1. I swear to you, I'm going bloody crazy. For some reason, I have no idea what the date is. And when I say that, I'm not just a week or so off, I'm months off. I've been after Husband since last week to get his car's state inspection done because it expired today. Then, on the way to work, I was looking at my own, thinking about how grateful I was that I had all the way until October before I had to cough up the cash to get it done. The more I stared, the more I thought something was off. Turns out my inspection expired October 2011. It didn't even occur to me. Then, a friend told me she was going to graduate from college in December and I thought, "That soon?! Didn't you just start? How can you only have two months left?" Apparently my brain is stuck back in mid-2011.
2. What's the most embarrassing thing that's ever happened to you? My stomach had been feeling kind of iffy all morning, so when I arrived at my client's house, I asked (for the very first time) to use her bathroom. I couldn't find the light. So, I went in the dark. And I was siiiiiick. When I finished my business, I tried to flush the toilet and guess what? Just guess. No water. Yeah. The city was doing some work down the street and they didn't know when they would turn the water back on. Let it suffice to say that it didn't come back on before my client's mother entered the bathroom. It's not like I could blame it on my client - she's wheelchair bound. I almost cried, I was so horrified.
3. You know the most important thing I learned this week? If you think you have nothing and are really, really down in the dumps, it's not hard to find someone with even less than you have. When you hear their stories and look through their cupboards to literally find nothing, it makes you feel like an ungrateful wretch. And richer than you ever thought possible.

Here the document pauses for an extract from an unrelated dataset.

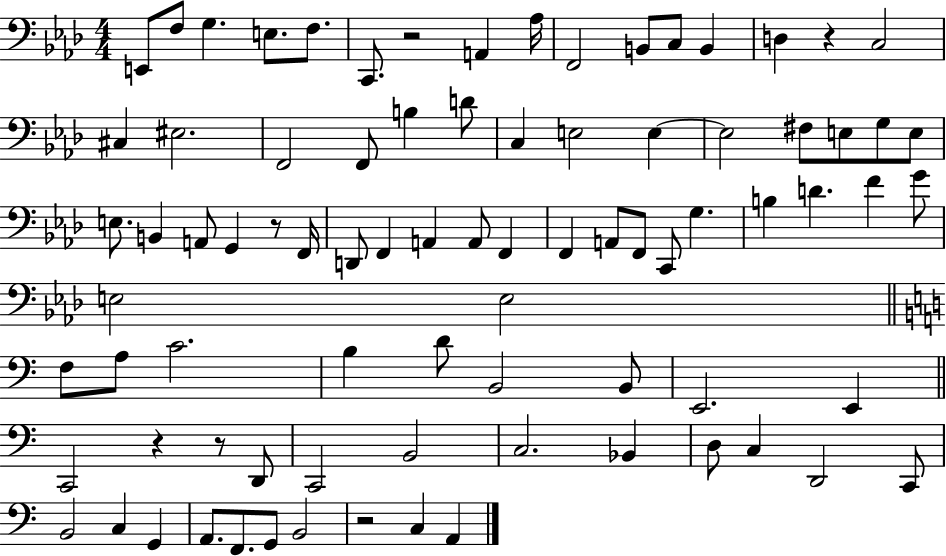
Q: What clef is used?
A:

Just as a side note, the person I was talking to is disabled and lives on government support. For her food stamp allotment, she gets $111/month. She has to feed two people on that. That's like $1.85/person/day. How can she be expected to live? People spend three times that on their morning coffee.

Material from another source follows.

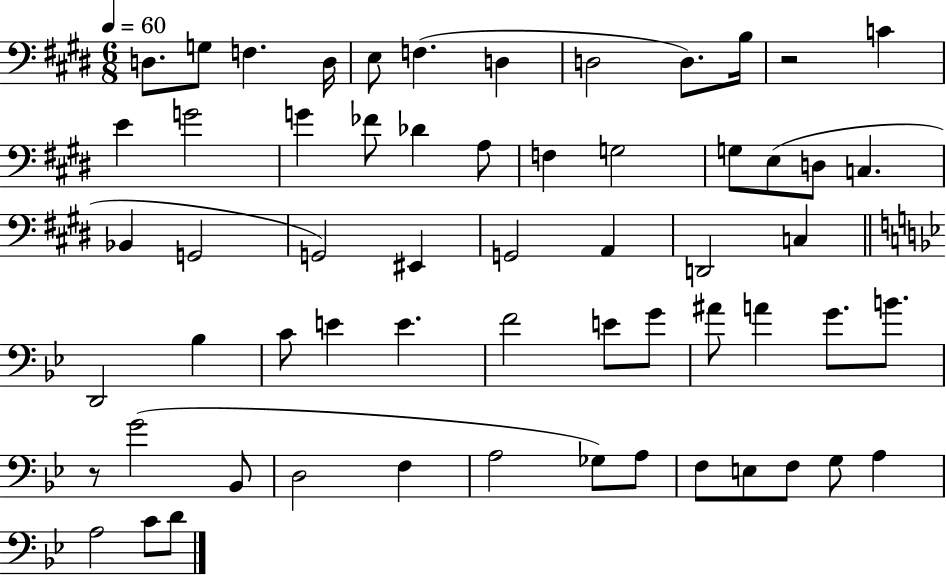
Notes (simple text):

D3/e. G3/e F3/q. D3/s E3/e F3/q. D3/q D3/h D3/e. B3/s R/h C4/q E4/q G4/h G4/q FES4/e Db4/q A3/e F3/q G3/h G3/e E3/e D3/e C3/q. Bb2/q G2/h G2/h EIS2/q G2/h A2/q D2/h C3/q D2/h Bb3/q C4/e E4/q E4/q. F4/h E4/e G4/e A#4/e A4/q G4/e. B4/e. R/e G4/h Bb2/e D3/h F3/q A3/h Gb3/e A3/e F3/e E3/e F3/e G3/e A3/q A3/h C4/e D4/e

4. I'm reading a book series by Robin Hobb. It's pretty good.
5. Husband taught Carolyn that she has to show us what she wants now. She grasped that concept pretty quickly - about every three minutes or so, she's grabbing our hands and trying to drag us into the kitchen for bites of cheese. She'll stand in front of the refrigerator saying, "A bite, a bite, a bite?!" until you think you'll go mad from hearing it.